Supporting vulnerable children and families during Covid-19: Great resilience and adaptability

Featured article - 14 May 2021
By Annie Hudson, Chair of the Child Safeguarding Practice Review Panel and SCIE trustee

Annie Hudson, Chair of the Child Safeguarding Practice Review Panel and SCIE trustee

Every day multi-agency services and practitioners are successfully safeguarding children, but it only takes one devastating tragedy to call into question whether services designed to keep young people safe are working as effectively as they need to be.

In December 2020, I took up the role as Chair of the Child Safeguarding Practice Review Panel. The Panel’s central purpose is to make sense of, and enable learning from the most serious incidents of abuse and neglect, when children have died or been seriously harmed. Such learning is crucial if we are to do all that we can to prevent or reduce the likelihood of such tragic incidents recurring.

Today, we are publishing our second Annual Report (for 2020) and hope that this will stimulate reflection and discussion about a range of practice matters, including learning from rapid and local safeguarding practice reviews. It highlights how safeguarding practitioners and leaders have demonstrated great resilience and adaptability in the way that they have the supported vulnerable children and families during the COVID-19 pandemic.

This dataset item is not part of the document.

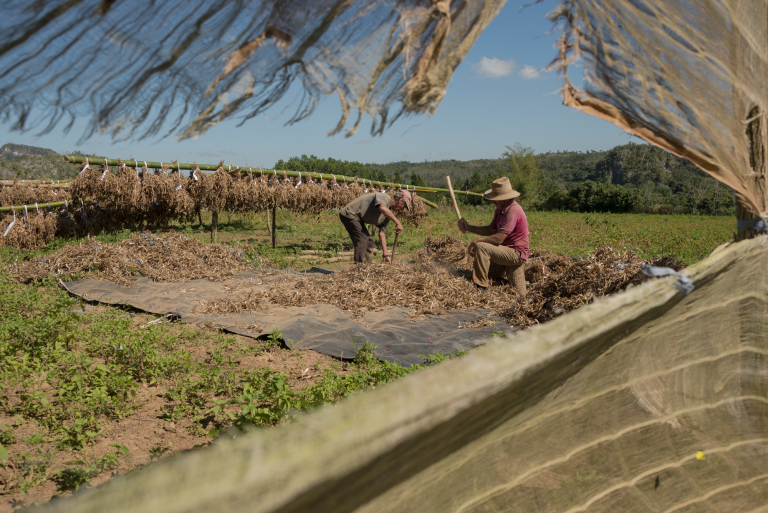 agricultores golpeando la hoja de tabaco, Pinar Del Río, Cuba 2016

A central theme of the Annual Report is that a number of very stubborn issues continue to beset some contemporary practice. For example, there is still too often a lack of appropriate and timely sharing of information between agencies, and risk assessment and management is sometimes weak. This is why the Panel is prioritising risk assessment and decision-making in its 2021 work programme. These are complex matters that reflect, amongst other things, broader issues about culture, history as well as the intrinsic nature of child safeguarding practice. They cannot be tackled by individual agencies, departments or sectors working in isolation so we will work closely with all stakeholders to see how these perennial problems might be best addressed.

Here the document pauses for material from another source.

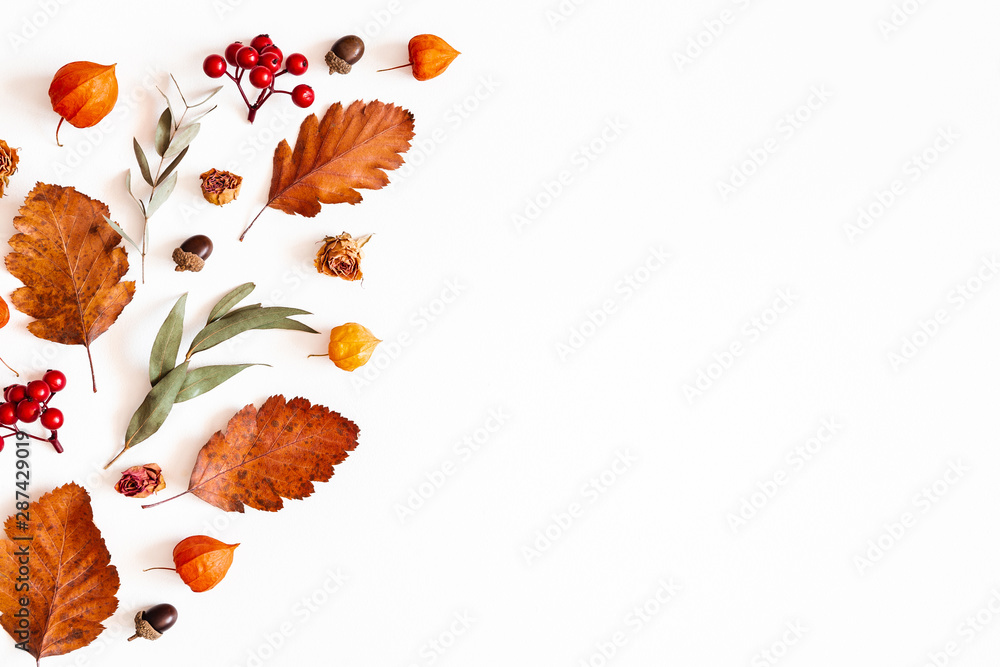 Autumn composition. Physalis flowers, eucalyptus leaves, rowan berries on white background. Autumn, fall, thanksgiving day concept. Flat lay, top view, copy space - obrazy, fototapety, plakaty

The Annual Report highlights six crosscutting practice themes. These themes are not new, but they are the most urgent, and often the most difficult to get right. The six themes are:

  • Understanding what the child’s daily life is like
  • Working with families where their engagement is reluctant and sporadic
  • Critical thinking and challenge
  • Responding to changing risk and need
  • Sharing information in a timely and appropriate way
  • Organisational leadership and culture for good outcomes.

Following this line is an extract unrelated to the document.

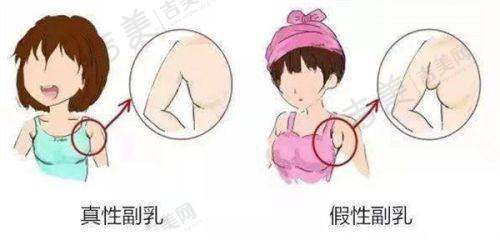 吉美网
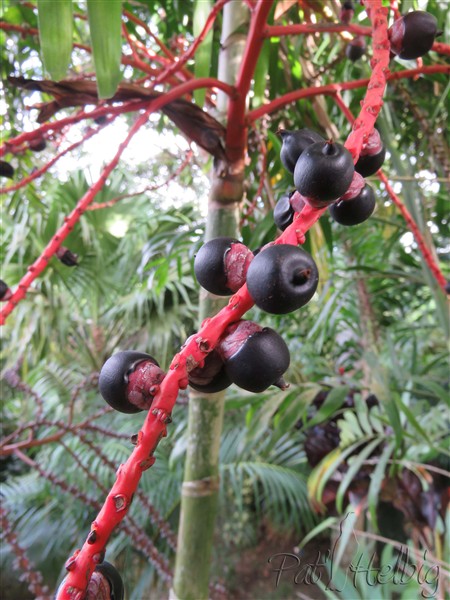 Infrutescence du Ptychosperma waitianum.jpg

The Panel is also today publishing two other reports. These are firstly an analysis with the What Works Centre for Children’s Social Care of safeguarding partners’ yearly reports and, secondly a commissioned report on Local Child Safeguarding Practice Reviews and Rapid Reviews undertaken by the University of East Anglia and Birmingham University. Taken together, these three reports provide a great deal of analysis and information which we hope will prompt everyone to reflect on how well we are safeguarding children and what more we need to do.